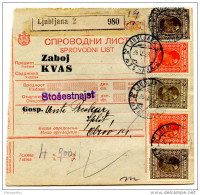 Kingdom SHS 1928 Poštna Spremnica - Parcel Card Ljubljana - Split B151204 - Autres & Non Classés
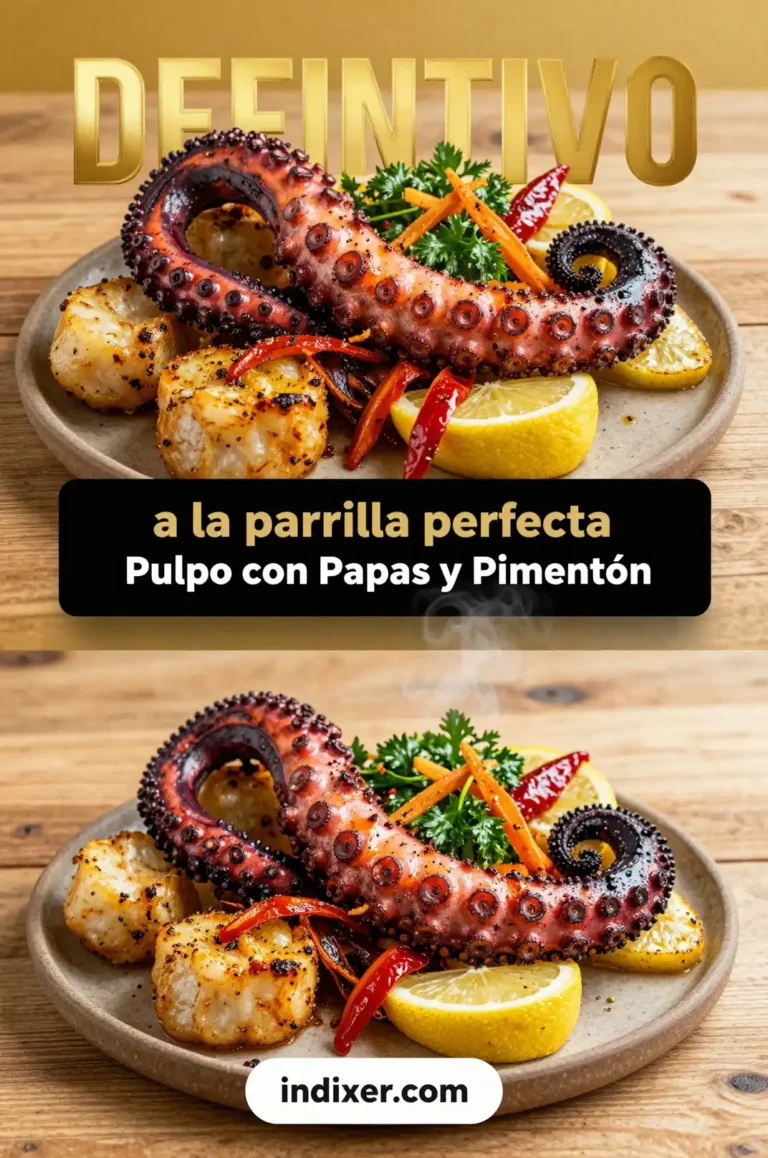 Pulpo a la Parrilla con Papas y Pimentón - Mariscos - Indixer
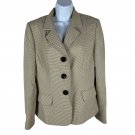 Le Suit Women's Beige Textured Blazer Size 10 3-Button Front Pockets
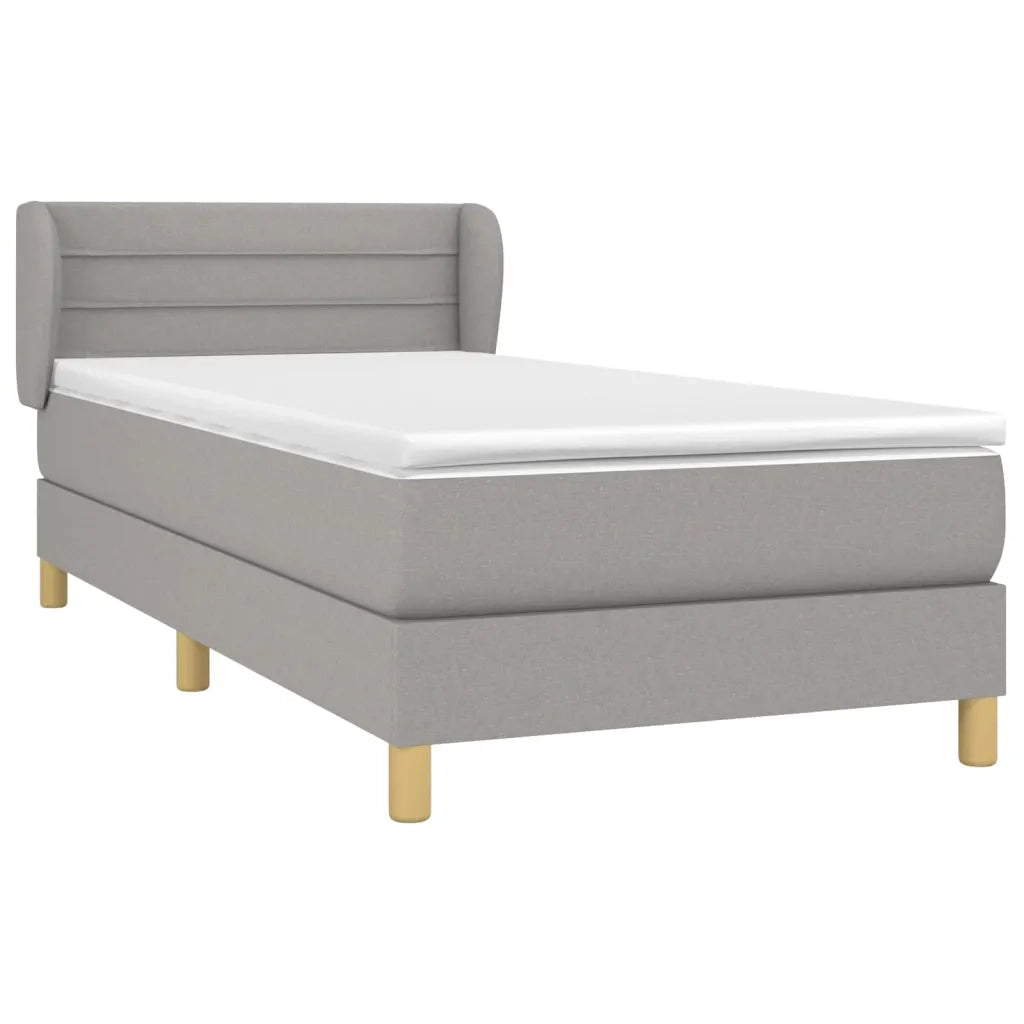 Giroletto a Molle con Materasso-Struttura Letto Grigio Chiaro100x200 cm Tessuto 307757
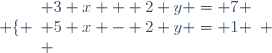 \left \lbrace \begin{array}{l} 3 x + 2 y = 7 \\ 5 x - 2 y = 1 \\ \end{array} \right.
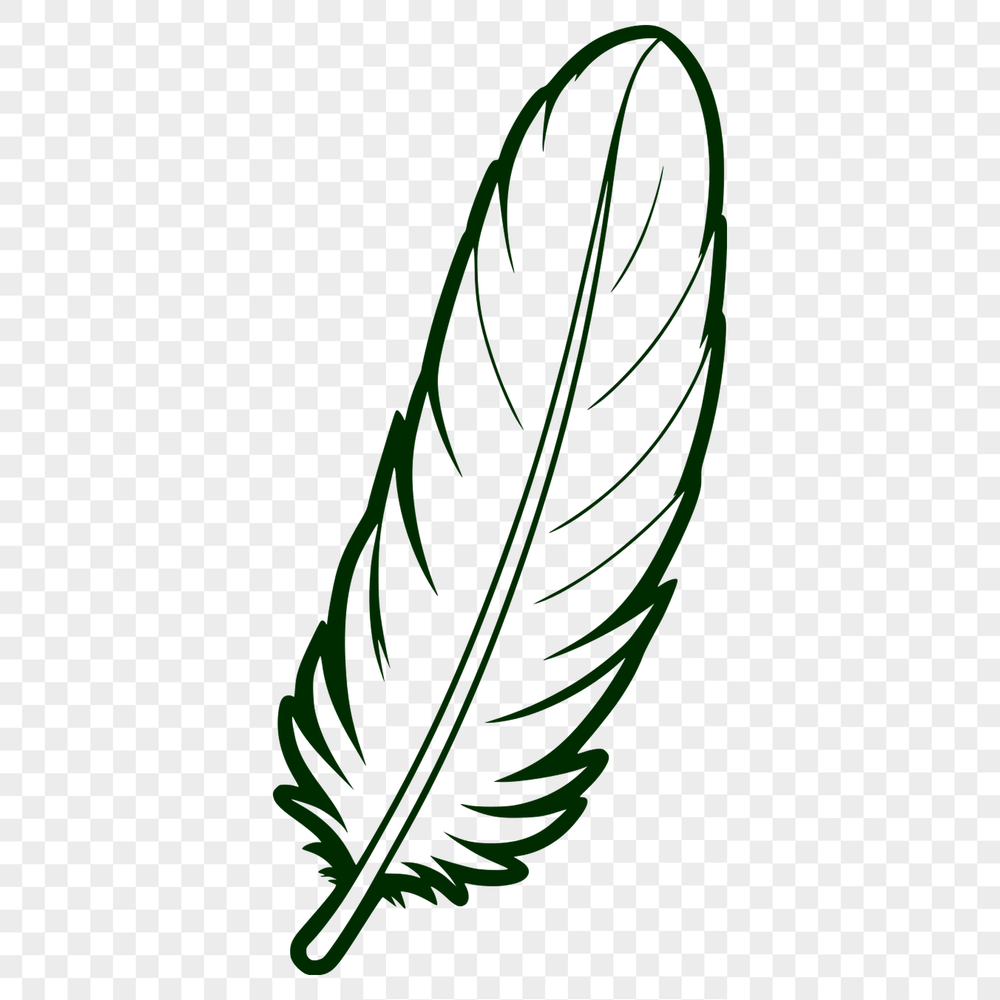 Delicate White Feather Vector A single white feather with soft, delicate texture, suitable for vector design projects.
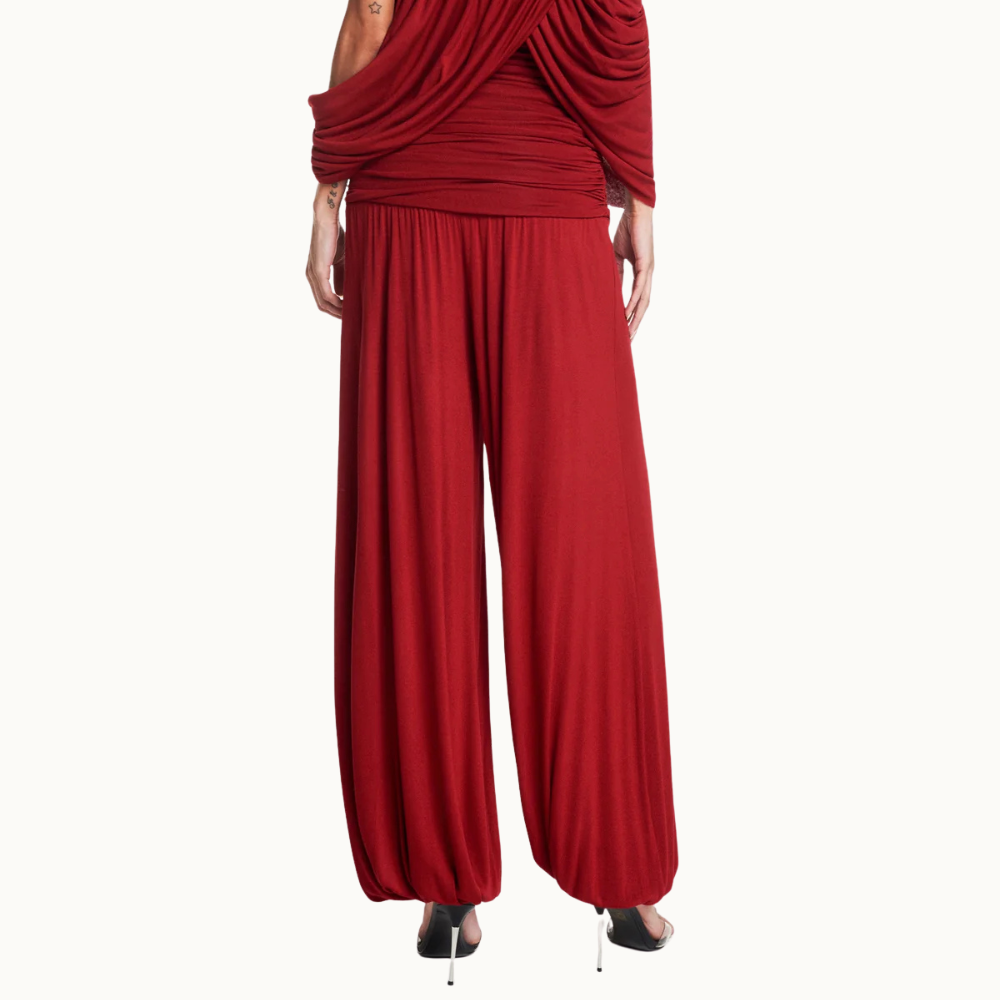 CALÇA PALA DRAPEADA ELÁSTICO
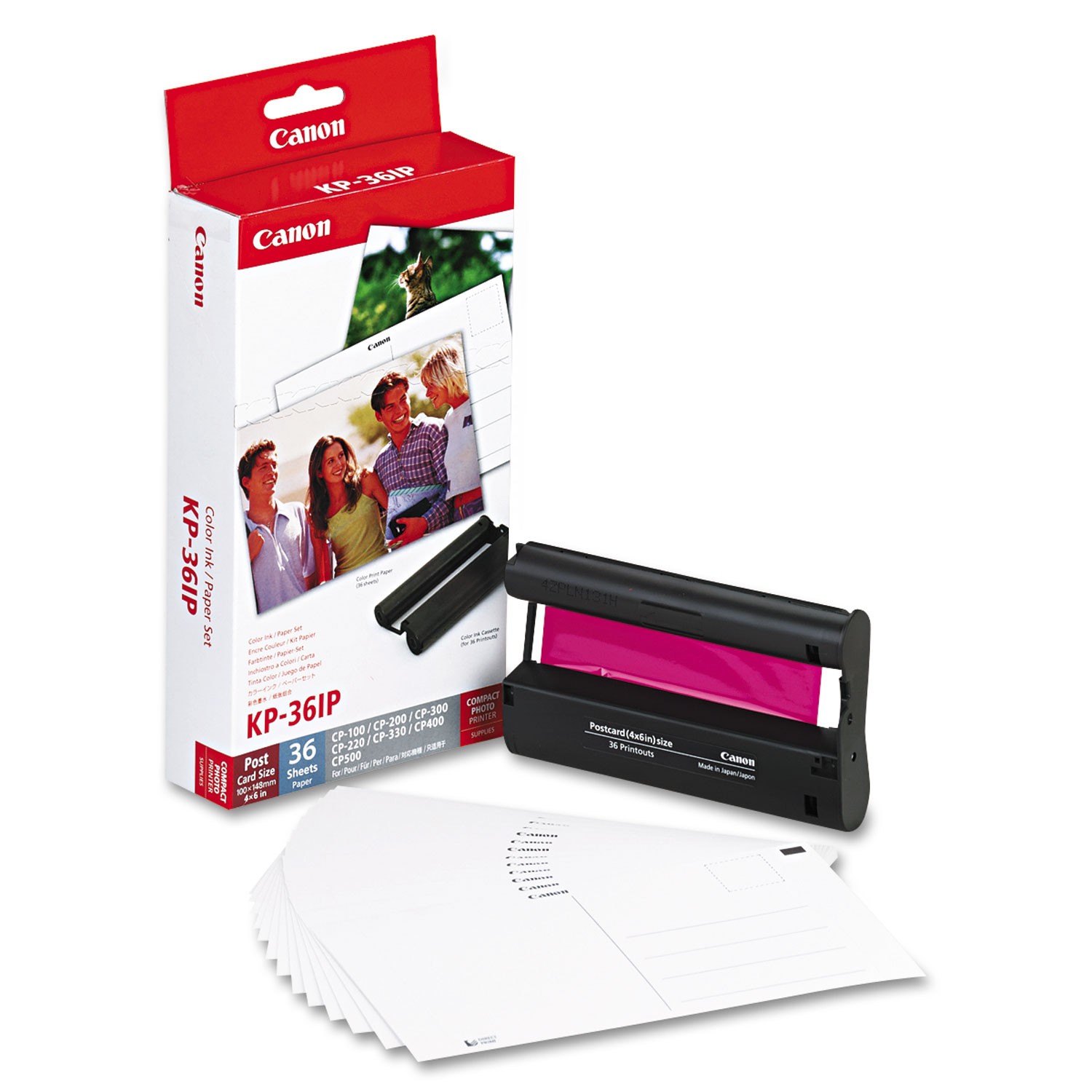 Canon® 7737A001 (KP-36IP) Color Ink & Paper Set, Tri-Color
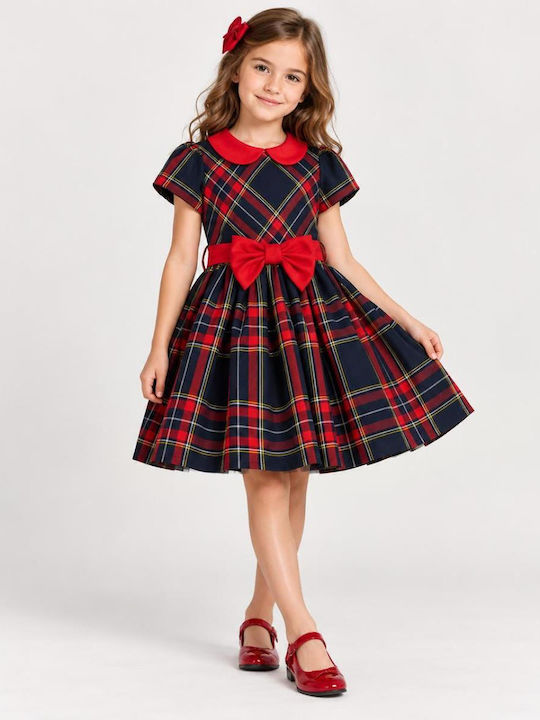 Rochie de fete din tulle în carouri Navy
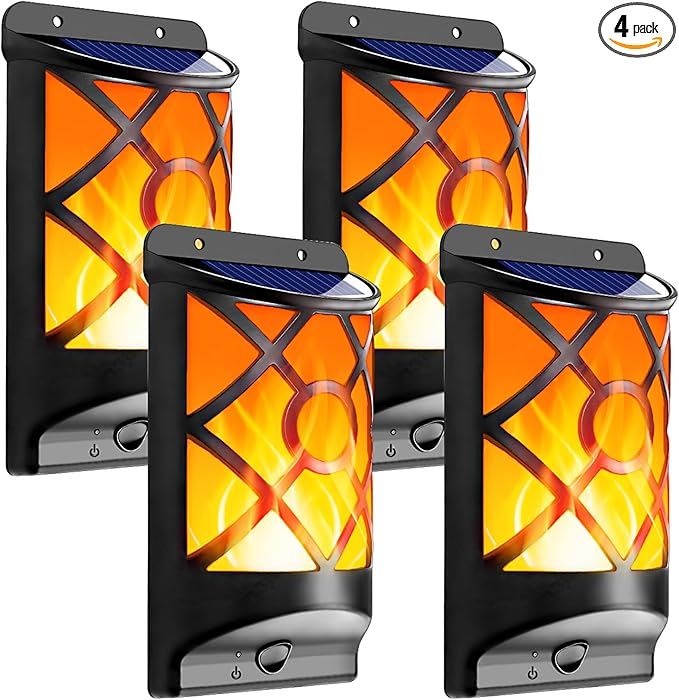 Solar Flame Lights Outdoor, Realistic 3D Flickering Flames with 66 Ultra-Bright LEDs - IP65 Waterproof Wall Mount Lanterns for Deck, Fence, Patio, Garden, Auto On/Off (4-Pack Value Set)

▶ **Exercise**
Output each line above exactly. Skip the images.

▶ **Solution for this exercise**
 Kingdom SHS 1928 Poštna Spremnica - Parcel Card Ljubljana - Split B151204 - Autres & Non Classés
 Pulpo a la Parrilla con Papas y Pimentón - Mariscos - Indixer
 Le Suit Women's Beige Textured Blazer Size 10 3-Button Front Pockets
 Giroletto a Molle con Materasso-Struttura Letto Grigio Chiaro100x200 cm Tessuto 307757
 \left \lbrace \begin{array}{l} 3 x + 2 y = 7 \\ 5 x - 2 y = 1 \\ \end{array} \right.
 Delicate White Feather Vector A single white feather with soft, delicate texture, suitable for vector design projects.
 CALÇA PALA DRAPEADA ELÁSTICO
 Canon® 7737A001 (KP-36IP) Color Ink & Paper Set, Tri-Color
 Rochie de fete din tulle în carouri Navy
 Solar Flame Lights Outdoor, Realistic 3D Flickering Flames with 66 Ultra-Bright LEDs - IP65 Waterproof Wall Mount Lanterns for Deck, Fence, Patio, Garden, Auto On/Off (4-Pack Value Set)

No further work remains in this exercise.